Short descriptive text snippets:
Segment Open
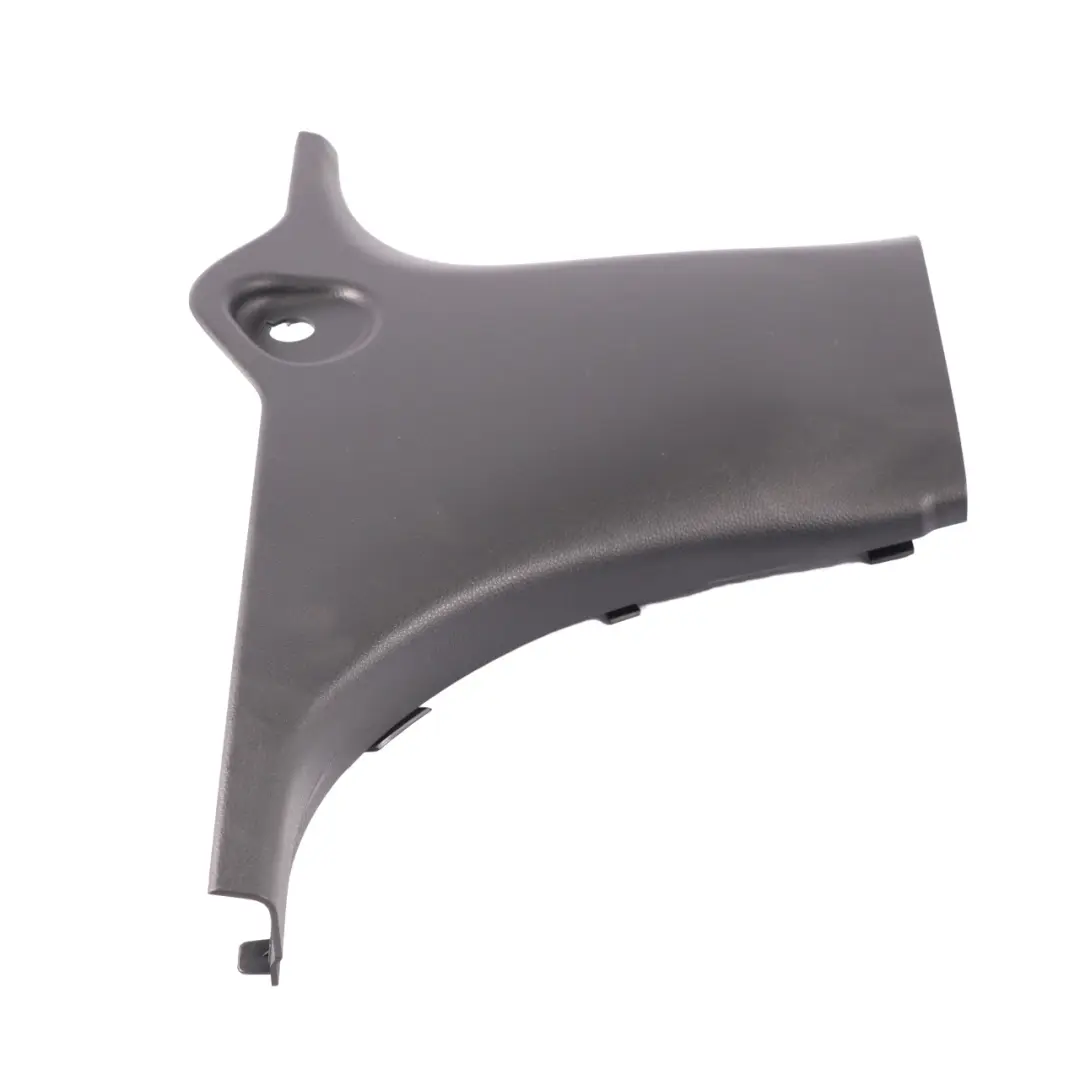 Embellecedor Pilar B Mercedes C117 Tapa Inferior Izquierdo Negro para con número de pieza A1176910300 Embellecedor Pilar B Mercedes C117 Tapa Inferior Izquierdo Negro - SKU A1176910300 - Número de pieza A1176910300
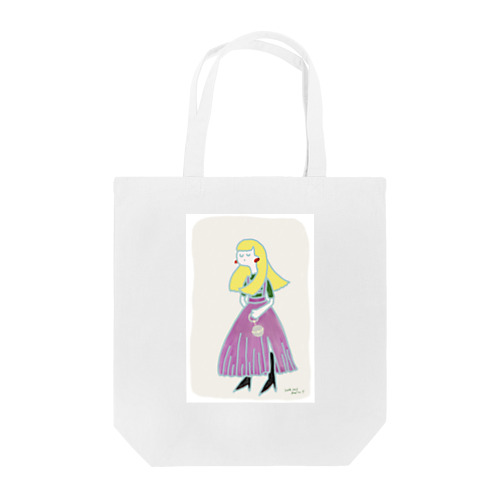 2019.10.5 Tote Bag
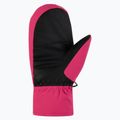 Gyerek síkesztyűk ZIENER Levin-Z GTX Mitten tie dye pop pink 3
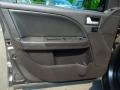 Black Door Panel Photo for 2005 Ford Freestyle #65759755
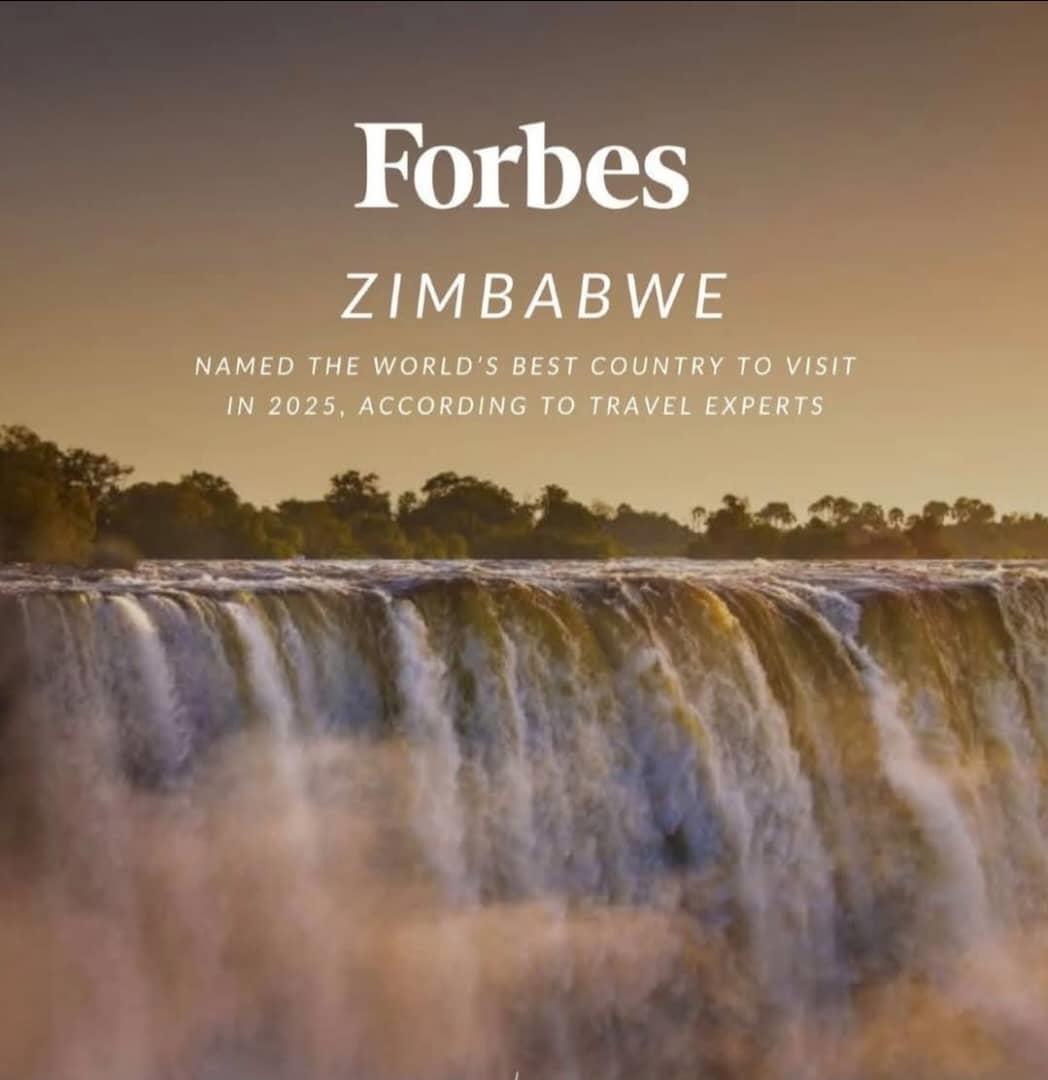 Zimbabwe is The Best Country to Visit in 2025 - Forbes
Segment Closed
What is required: Once the line containing "2019.10.5 Tote Bag" is located, write out exactly that line and each one after it to the end of the records above, excluding pictures and nothing else.

Solved problem:
 2019.10.5 Tote Bag
 Gyerek síkesztyűk ZIENER Levin-Z GTX Mitten tie dye pop pink 3
 Black Door Panel Photo for 2005 Ford Freestyle #65759755
 Zimbabwe is The Best Country to Visit in 2025 - Forbes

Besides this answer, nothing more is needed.